I can tell you that what they’re doing is discovering. The secret here is that play is the most serious work that child will ever do. They are learning, expanding, discovering, and experiencing—all at the same time.
We don’t believe in just sitting at desks and teaching kids how to write letters as the only way of building foundations. Although we do some of that, what we do here is help the kids discover, learn, and communicate under the guise of “just playing.”
The sandbox equals civil engineering 101.
When a kid is trying to figure out why a sandcastle keeps collapsing, why things get dirty, or why things keep getting sand all over them—why he ends up with sand in his shoes that’s either really annoying or he thinks it’s funny—they’re testing the laws of physics: volume, weight, and structure.
They’re learning that adding just the right amount of this or just the right amount of that creates surface tension—ideas and things that they don’t even know that they don’t even know. They aren’t just making a mess; they’re practicing very high-level problem-solving.
Dramatic play is executive function, really.

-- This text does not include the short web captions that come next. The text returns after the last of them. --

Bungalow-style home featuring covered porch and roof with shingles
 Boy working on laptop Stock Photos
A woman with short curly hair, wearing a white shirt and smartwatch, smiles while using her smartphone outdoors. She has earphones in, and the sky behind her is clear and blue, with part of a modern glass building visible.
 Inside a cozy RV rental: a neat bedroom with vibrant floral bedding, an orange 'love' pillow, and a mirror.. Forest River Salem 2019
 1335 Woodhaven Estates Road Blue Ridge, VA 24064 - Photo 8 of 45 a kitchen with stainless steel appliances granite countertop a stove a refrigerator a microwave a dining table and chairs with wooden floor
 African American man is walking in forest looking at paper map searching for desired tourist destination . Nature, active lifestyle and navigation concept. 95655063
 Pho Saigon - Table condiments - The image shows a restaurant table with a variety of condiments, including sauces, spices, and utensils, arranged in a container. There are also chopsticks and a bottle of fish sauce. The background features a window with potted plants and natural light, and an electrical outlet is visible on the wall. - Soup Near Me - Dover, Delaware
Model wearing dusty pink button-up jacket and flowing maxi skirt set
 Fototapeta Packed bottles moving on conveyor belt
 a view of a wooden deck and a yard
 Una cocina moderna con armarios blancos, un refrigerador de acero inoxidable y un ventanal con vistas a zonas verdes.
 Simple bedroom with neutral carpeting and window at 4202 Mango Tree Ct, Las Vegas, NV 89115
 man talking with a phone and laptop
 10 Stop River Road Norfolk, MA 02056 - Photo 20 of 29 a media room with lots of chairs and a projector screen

When a group of toddlers gets together and plays “classroom,” “doctor,” or “grocery store”—when they serve up pretend pizza to their make-believe patrons and collect leaves as money—they are practicing not only communication, but kindness, patience, and negotiation.
They’re learning how to regulate in their own real world. They are practicing empathy and, by design, they are developing executive function, laying down complex rules that they make up for themselves. It’s pretty crazy when you think about it.
The “Un-Report Card” Wins.
In our centers, we believe that the “Un-Report Card” wins. We celebrate when kids discover—when they ask us about things that take us off guard, like “What holds the tree up?” We just smile and try to figure out an answer that makes sense to them.
At the end of the day, real life wins when the kids choose to wait their turn without a meltdown, or when they notice a friend is sad and they bring them a comforting toy or just give them a hug. When they’re trying to stack blocks in a different way after they fell the first time? That’s critical thinking.
The Bottom Line
We don’t teach to the test. We prioritize the foundations of emotional health, curiosity, and creativity. The ABCs and 123s will follow naturally. When you teach a kid how to think, not what to think, everything else falls into line.
So, when you see your little one covered in paint or “wasting time” in the mud, take a breath. They’re busy being brilliant and building an amazing brain. We’ll just handle the industrial cleanup afterwards. You just enjoy the stories they tell you on the ride home.